Victorian-era Michigan Capitol ceilings draw new attention
Lansing — Michigan’s state Capitol is opening a new underground visitor and event center inside Heritage Hall this summer that will feature the historic building’s ceilings designs created by Christian Weidemann, according to Capitol historian and curator Valerie Marvin.
Weidemann was a Detroit artist who was the foreman for the Capitol’s decoration and painting project from 1885 to 1890, according to Marvin.
The exhibit has been under construction for two to three years and will include new orientation rooms, a conservation lab, historical exhibits and space for historical programming. It’s expected to be home to large meetings, events and functions.
Weidemann worked at the William Wright Co. and likely did the original artwork in the 19th century when it was first built, according to Marvin.
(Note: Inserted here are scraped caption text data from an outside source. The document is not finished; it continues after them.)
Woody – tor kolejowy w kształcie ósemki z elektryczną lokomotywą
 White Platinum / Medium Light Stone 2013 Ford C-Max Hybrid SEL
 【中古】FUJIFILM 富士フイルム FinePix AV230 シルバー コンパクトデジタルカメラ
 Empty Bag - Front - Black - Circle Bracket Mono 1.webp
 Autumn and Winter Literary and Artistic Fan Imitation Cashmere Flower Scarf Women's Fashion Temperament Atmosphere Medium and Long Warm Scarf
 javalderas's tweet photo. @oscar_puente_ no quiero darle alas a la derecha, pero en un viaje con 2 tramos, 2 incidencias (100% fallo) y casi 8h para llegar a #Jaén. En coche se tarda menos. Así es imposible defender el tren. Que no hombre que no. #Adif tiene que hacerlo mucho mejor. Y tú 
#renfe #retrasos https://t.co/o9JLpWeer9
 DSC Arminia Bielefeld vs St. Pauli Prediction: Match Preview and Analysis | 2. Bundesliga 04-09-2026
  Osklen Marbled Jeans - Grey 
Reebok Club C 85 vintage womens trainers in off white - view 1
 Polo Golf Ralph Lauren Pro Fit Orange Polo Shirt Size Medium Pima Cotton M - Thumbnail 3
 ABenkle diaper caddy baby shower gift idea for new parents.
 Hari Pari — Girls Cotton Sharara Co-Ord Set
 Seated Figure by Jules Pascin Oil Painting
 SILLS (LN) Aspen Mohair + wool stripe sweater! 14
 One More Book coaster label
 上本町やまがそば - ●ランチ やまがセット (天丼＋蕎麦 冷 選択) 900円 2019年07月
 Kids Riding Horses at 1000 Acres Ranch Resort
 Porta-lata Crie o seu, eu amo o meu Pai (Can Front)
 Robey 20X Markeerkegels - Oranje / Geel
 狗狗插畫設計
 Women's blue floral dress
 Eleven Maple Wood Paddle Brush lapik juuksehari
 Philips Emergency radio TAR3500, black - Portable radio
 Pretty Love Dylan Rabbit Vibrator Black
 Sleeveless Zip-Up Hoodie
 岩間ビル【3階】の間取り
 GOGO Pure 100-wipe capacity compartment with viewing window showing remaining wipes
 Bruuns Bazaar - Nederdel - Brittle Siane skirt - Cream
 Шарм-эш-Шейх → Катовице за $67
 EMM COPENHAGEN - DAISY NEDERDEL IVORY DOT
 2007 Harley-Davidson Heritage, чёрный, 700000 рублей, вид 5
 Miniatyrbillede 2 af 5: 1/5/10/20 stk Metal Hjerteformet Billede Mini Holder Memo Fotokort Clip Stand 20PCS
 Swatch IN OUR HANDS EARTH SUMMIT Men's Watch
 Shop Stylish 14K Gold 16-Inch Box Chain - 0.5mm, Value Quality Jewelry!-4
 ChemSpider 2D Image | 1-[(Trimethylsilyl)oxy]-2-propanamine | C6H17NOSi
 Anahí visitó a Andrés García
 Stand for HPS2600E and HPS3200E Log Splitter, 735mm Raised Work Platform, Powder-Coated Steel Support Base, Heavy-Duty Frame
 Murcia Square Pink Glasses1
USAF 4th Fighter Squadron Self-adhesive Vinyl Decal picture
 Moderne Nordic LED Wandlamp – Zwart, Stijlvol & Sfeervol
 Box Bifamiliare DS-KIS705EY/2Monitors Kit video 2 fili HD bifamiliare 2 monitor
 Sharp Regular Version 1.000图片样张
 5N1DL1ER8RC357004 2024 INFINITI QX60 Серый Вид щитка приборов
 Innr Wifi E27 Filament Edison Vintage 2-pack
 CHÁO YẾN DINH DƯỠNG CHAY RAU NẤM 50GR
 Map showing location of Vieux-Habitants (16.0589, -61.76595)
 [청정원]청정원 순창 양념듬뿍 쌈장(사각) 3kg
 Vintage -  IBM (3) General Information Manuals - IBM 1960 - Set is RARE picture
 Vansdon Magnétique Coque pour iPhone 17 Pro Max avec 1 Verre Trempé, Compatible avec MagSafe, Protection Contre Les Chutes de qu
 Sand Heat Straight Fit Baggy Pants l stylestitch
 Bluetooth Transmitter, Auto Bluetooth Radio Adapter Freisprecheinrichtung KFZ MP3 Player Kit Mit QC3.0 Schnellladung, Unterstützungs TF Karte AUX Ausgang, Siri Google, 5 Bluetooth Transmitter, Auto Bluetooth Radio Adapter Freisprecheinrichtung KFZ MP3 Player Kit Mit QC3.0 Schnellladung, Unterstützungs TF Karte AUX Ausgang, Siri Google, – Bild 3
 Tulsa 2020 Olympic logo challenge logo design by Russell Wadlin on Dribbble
The art was inspired by the Victorian artwork of the 19th and early 20th centuries, which was popular during that time.
“The Victorians believed that beautiful surroundings would inspire people to do their best work,” Marvin said. “The Victorians would often put a lot of decoration on the ceilings, and they wanted to make your eyes go up.”
“In this period, tall buildings were hard to build, so the idea is, if our eyes are constantly going up, it makes us think the spaces are bigger than what they really are,” Marvin said.
State Capitol Commission member Bill Kandler said it’s “pretty unique and special.”
“We’ve been told that Michigan’s state Capitol has one of the finest examples of Victorian interior of any public building in the country,” Kandler said.
David Kidd, a photojournalist at Governing magazine who visited 30 state capitols over the last dozen years, saw Weidmann’s work on the Capitol’s ceilings and said it stands out to him because of the bold and bright colors that cover every surface.
Since cheaper materials were used in construction, artists painted over cast-iron columns and made them look like marble, according to Kidd. He said he’s not used to seeing every interior surface covered in paint.
“Some of the decorations are done with metallic paints, something that I have not seen at other state capitols,” Kidd said. “I am amazed at the amount of intricate detail in the hand-painted decorations that cover the ceiling.”